Uganda’s Kalangala District consists of 84 islands in Lake Victoria. These islands were once covered with diverse landscapes consisting of savannah, lush green forests and agricultural fields, where farmers would grow a variety of food crops, such as sweet potatoes, cassava and bananas. About two decades ago, however, the central government started acquiring land in the district, among others by buying up land from small landowners. The government then leased the land to a private company, which converted it to oil palm plantations. This was part of an ambitious government programme to grow substitutes for vegetable oil imports. Today, Kalangala’s landscapes are dominated by oil palm, and in the coming years the government plans to further expand oil palm plantations to other parts of the country.

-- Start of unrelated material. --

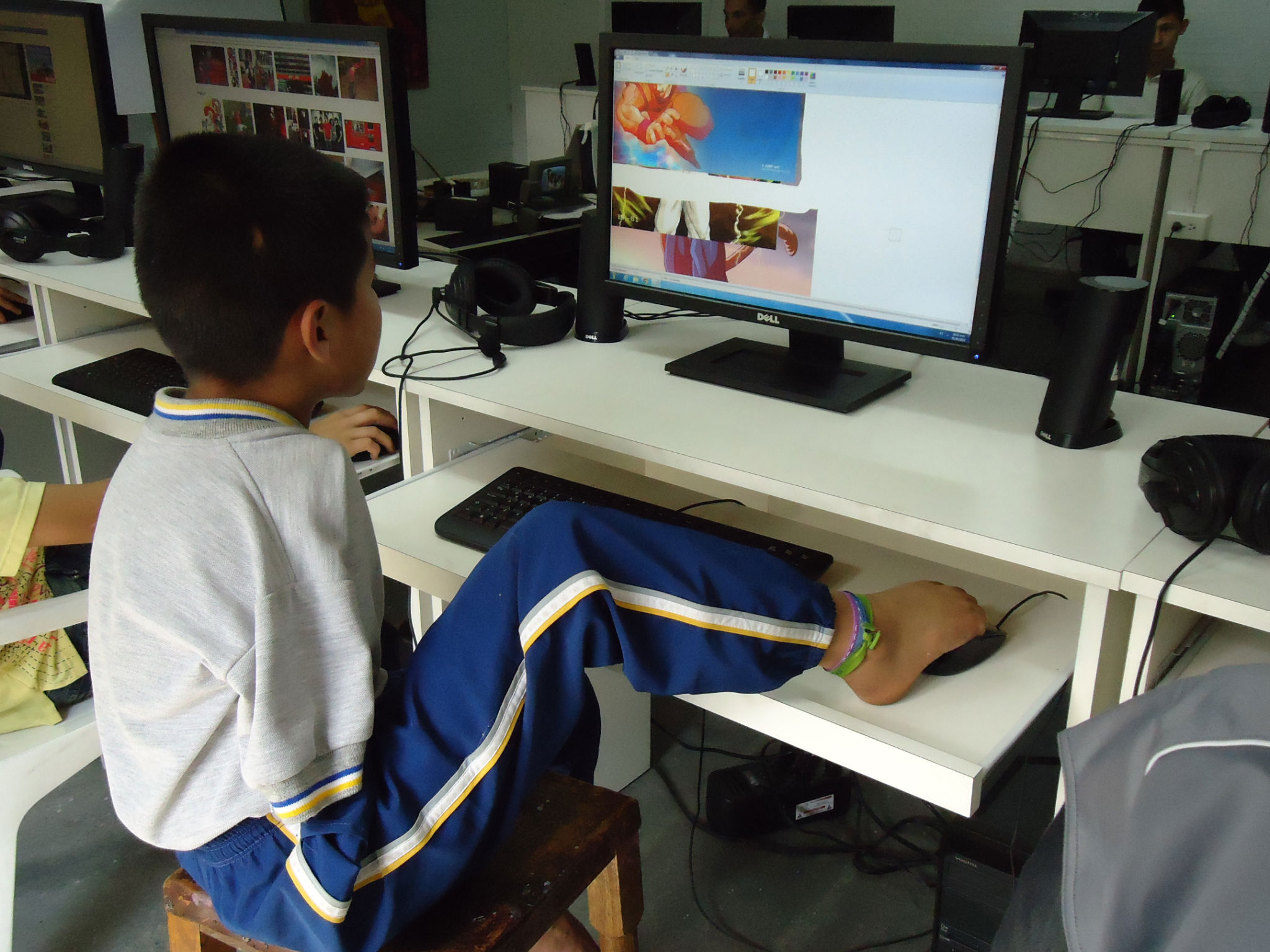 Inclusion for People with Disabilities in Colombia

Ecological Trends Alliance (ETA) — TBI’s partner in Uganda — has been researching the impacts of oil palm expansion in Kalangala for several years. They found that biodiversity and other ecosystem services had decreased tremendously, and also discovered numerous injustices, including land grabbing and unfair pricing by the company. Moreover, most local people seemed disappointed with the developmental outcomes of oil palm expansion. For example, although many people could earn income as labourers on the plantations, their access to affordable food products had decreased significantly. Because so many food crops had been replaced by oil palm, Kalangala District could no longer produce enough to feed its own population. As a result, the district became dependent on more expensive food crops that had to be shipped in from the mainland. This showed that the approach to oil palm expansion in Kalangala had many negative effects.

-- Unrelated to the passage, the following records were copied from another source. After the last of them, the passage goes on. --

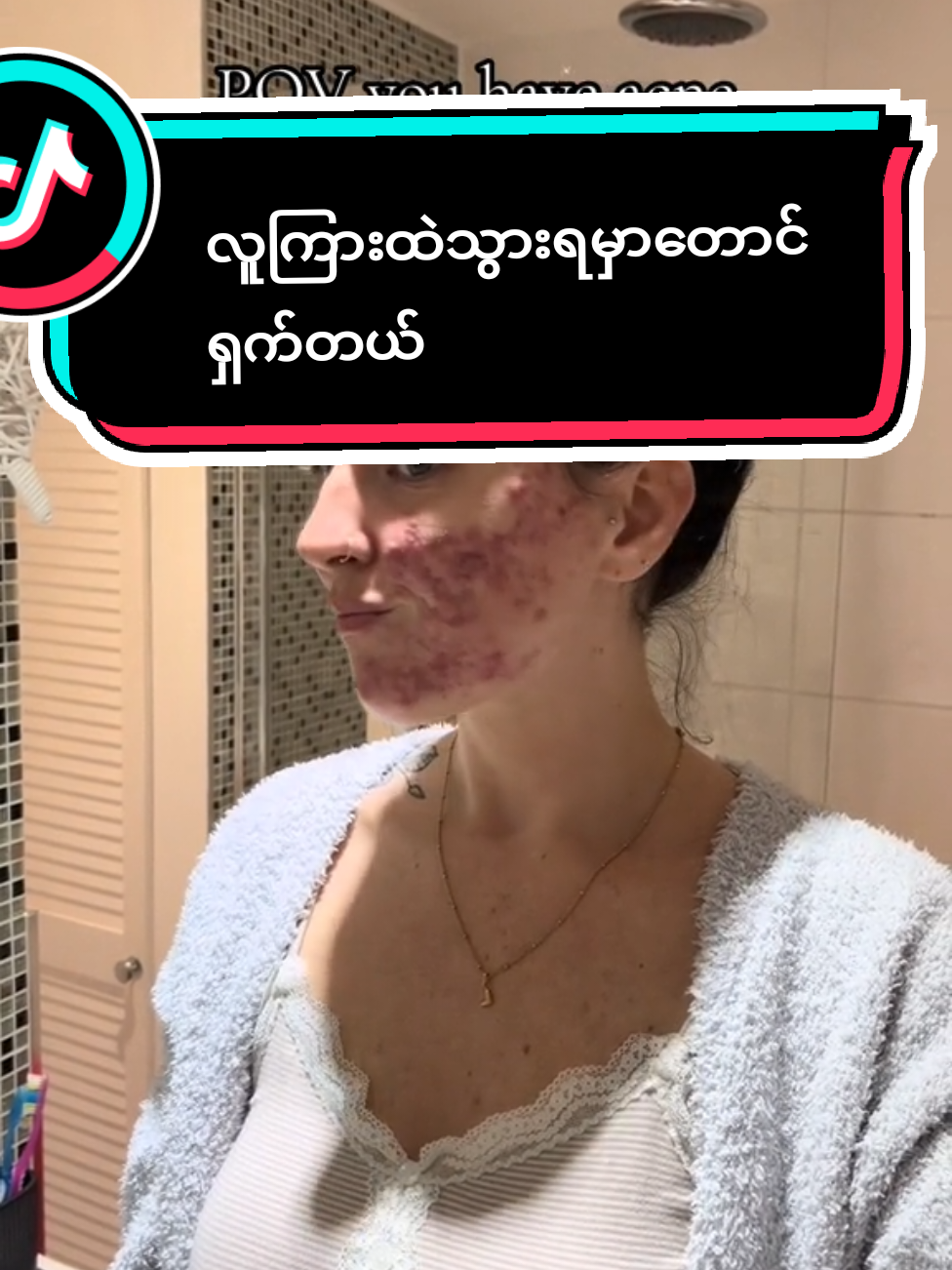#mimibooဝက်ခြံပျောက်မျက်နှာသစ် #foryou #၃ရက်အတွင်းဝက်ခြံပျောက်ဆပ်ပြာ #mimibooမျက်နှာသစ် 
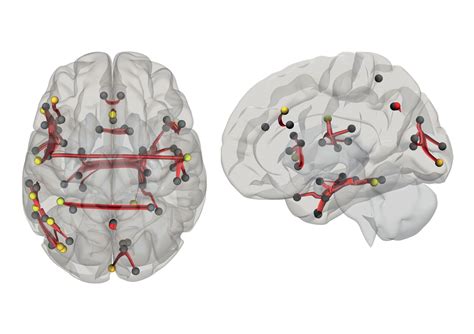 Une thérapie améliore les fonctions cognitives chez des patients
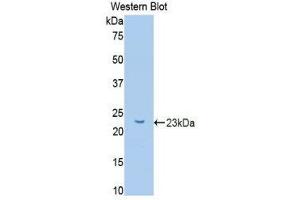 Western Blotting (WB) image for anti-Glucokinase (Hexokinase 4) Regulator (GCKR) (AA 90-286) antibody (ABIN1078068) (GCKR 抗体  (AA 90-286))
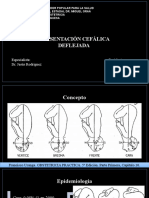 Presentación Cefálica Deflejada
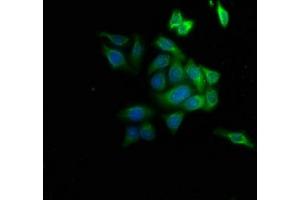 Immunofluorescence staining of HepG2 cells with ABIN7143311 at 1:133, counter-stained with DAPI. (AHCY Antikörper  (AA 2-432))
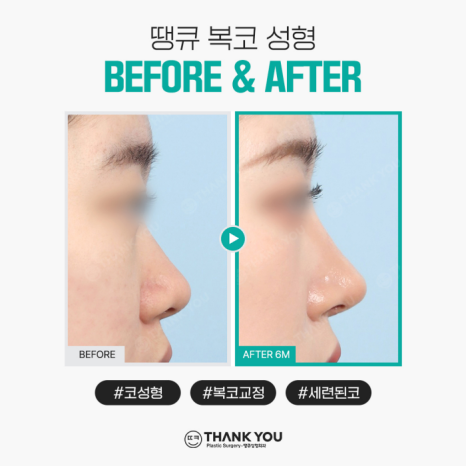 복코성형, 꼭 코뼈절골을 해야할까요? 관련 이미지 11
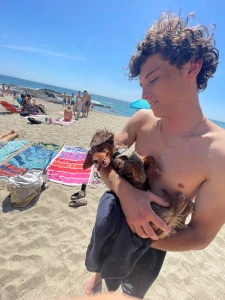 Beach before surgery honestly life is ok but it s great once you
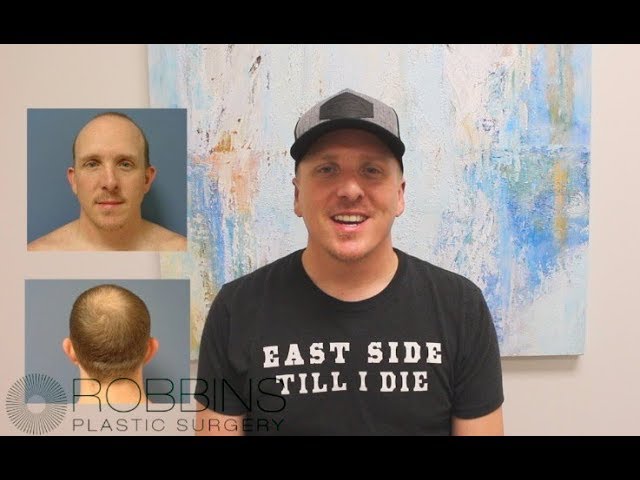OTOPLASTY - 1 Week Post Op patient reviews " Best of Nashville" Plastic Surgeon Dr. Chad Robbins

ETA then started to build awareness among the communities in the district, providing them with evidence of negative effects, and empowering people to speak up against oil palm injustices and its further expansion. At the same time, ETA opened up a dialogue with the company, and with government departments at the district and national level. One of the ways they did this was by organizing multi-stakeholder field visits that included representatives of the Ministry of Agriculture, Animal Industry and Fisheries, which is responsible for the country’s oil palm programme. From the field observations, participants could see how uncontrolled expansion had affected the environment and local livelihoods. These field visits had positive results. Although at first the ministry had downplayed the impacts of oil palm on people and environment, their attitude gradually changed.

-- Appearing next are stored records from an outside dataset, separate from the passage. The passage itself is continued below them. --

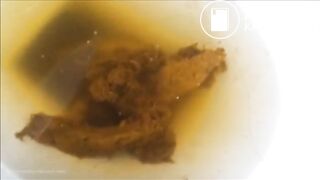 pooping shitting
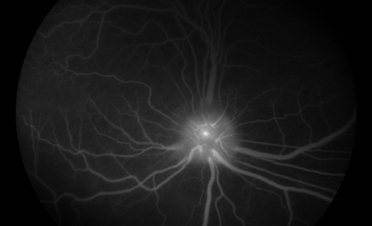 Angiografía perro - Caso luxacion cristalino Rio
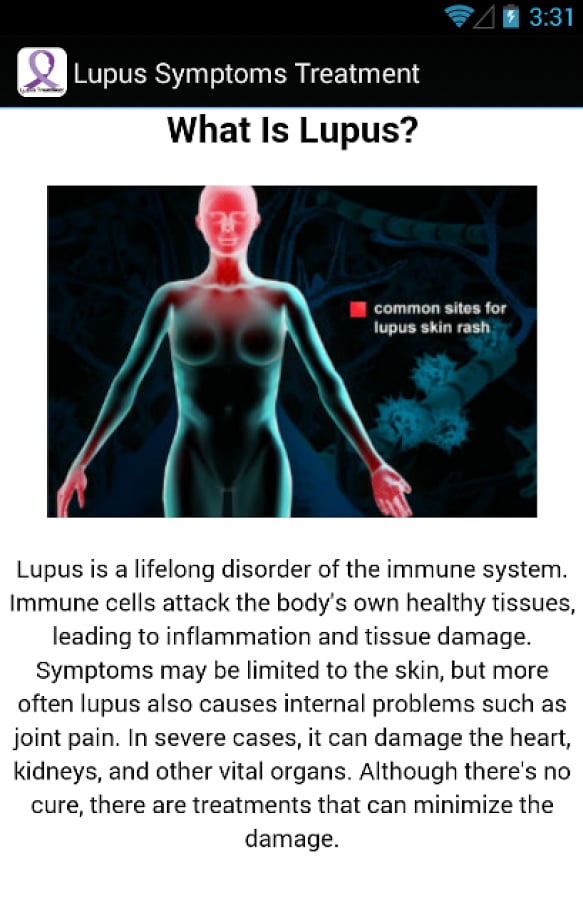 Lupus Symptoms Treatment截图2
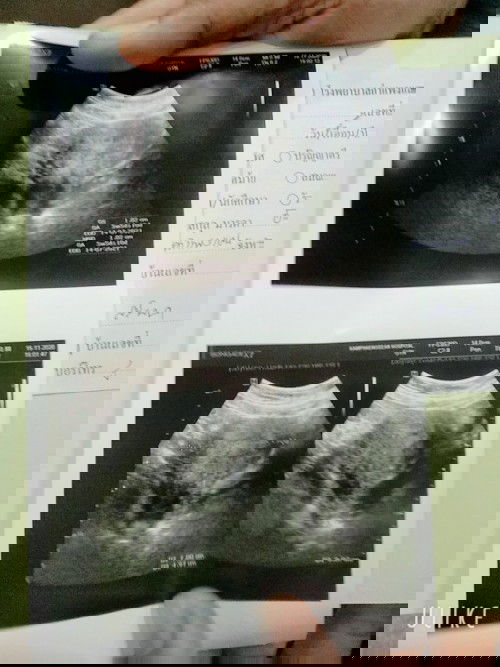 อายุครรภ์6สัปดาห์ หมอบอกว่า เด็กผิดปกติ คือ เด็กไม่โต ตามอายุครรภ์ เราปวดท้องมาก
ไม่มีเลือดออก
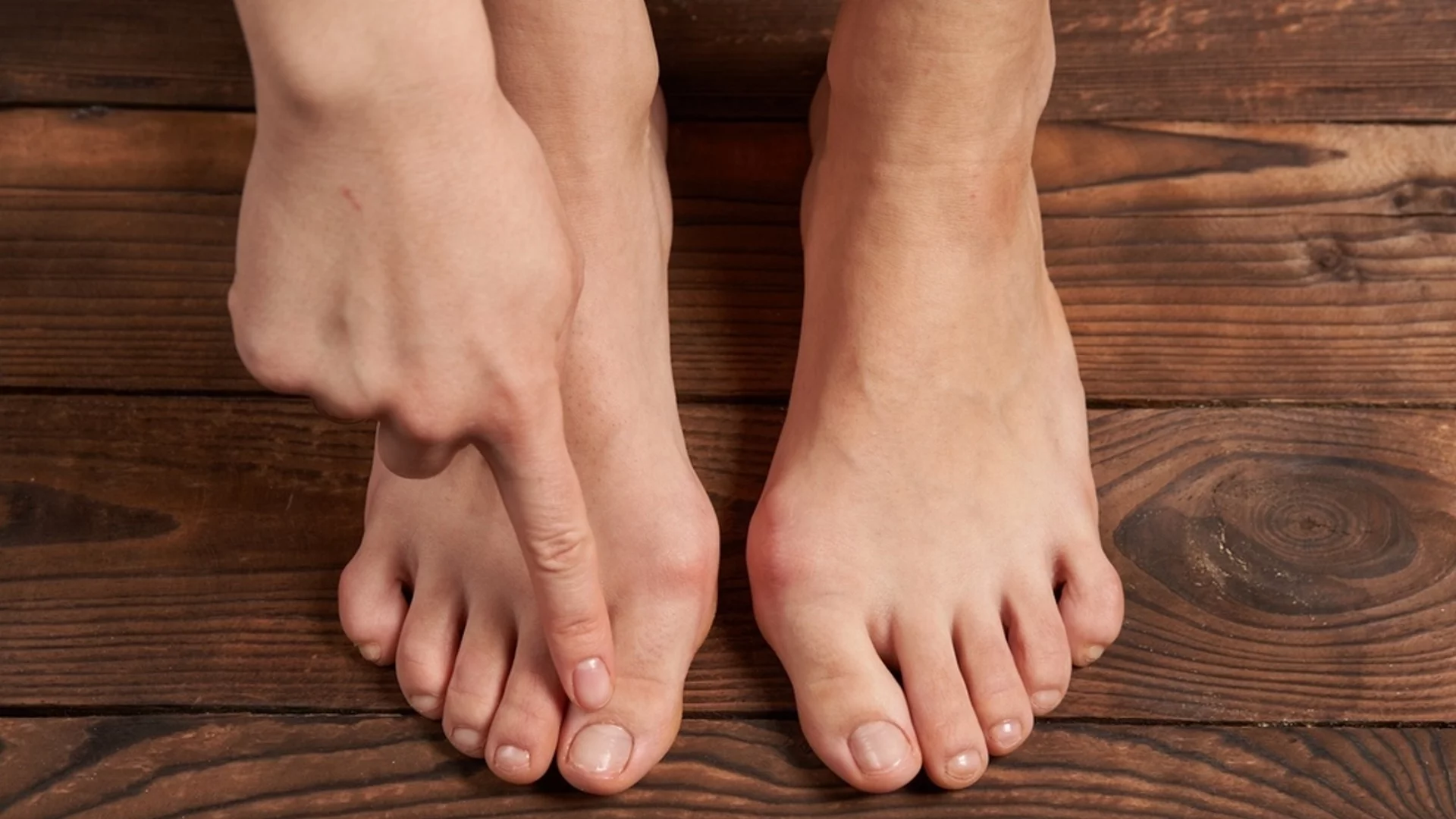Този симптом с пръстите на краката издава предстоящ инфаркт или инсулт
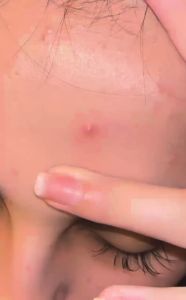 Isntree Onion Newpair Spot Patch SkinFit | Basic 12mmx15ea patches by SkinCaring18 SK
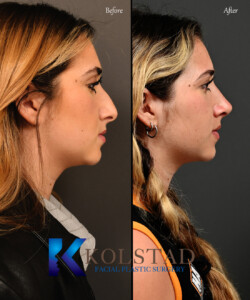 piezo rhinoplasty california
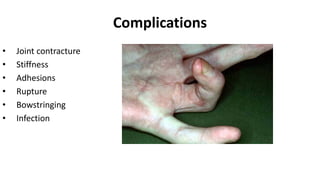 Complications
• Joint contracture
• Stiffness
• Adhesions
• Rupture
• Bowstringing
• Infection
 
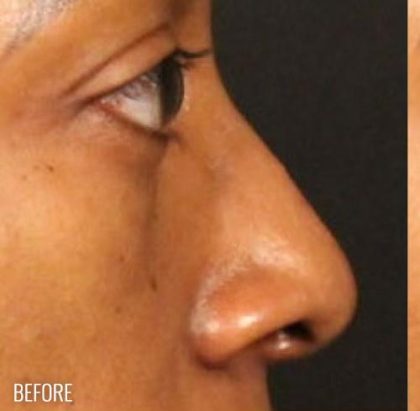 Before & After Patient #1185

With this change of attitude, the ministry even started asking ETA for support. Staff from ETA actively engaged with government staff to improve land-use planning and mapping, which are crucial to ensure that oil palm expansion does not take place at the cost of important food production areas and forests. ETA was also asked to provide input to the government’s new oil palm programme document (including its gender strategy), which sets out a better approach to oil palm expansion for the coming years. Under the new programme — which was launched in 2020 — the government can no longer purchase land for private investors. Instead, the emphasis is on organizing communities to produce oil palm on their own lands, while making sure that people still produce enough food locally. Moreover, the programme no longer focuses just on oil palm, but also supports the production of other crops, such as coffee and banana, to ensure a more varied landscape. This is a significant break with the past, and it is hoped that the mistakes made in Kalangala will not be repeated.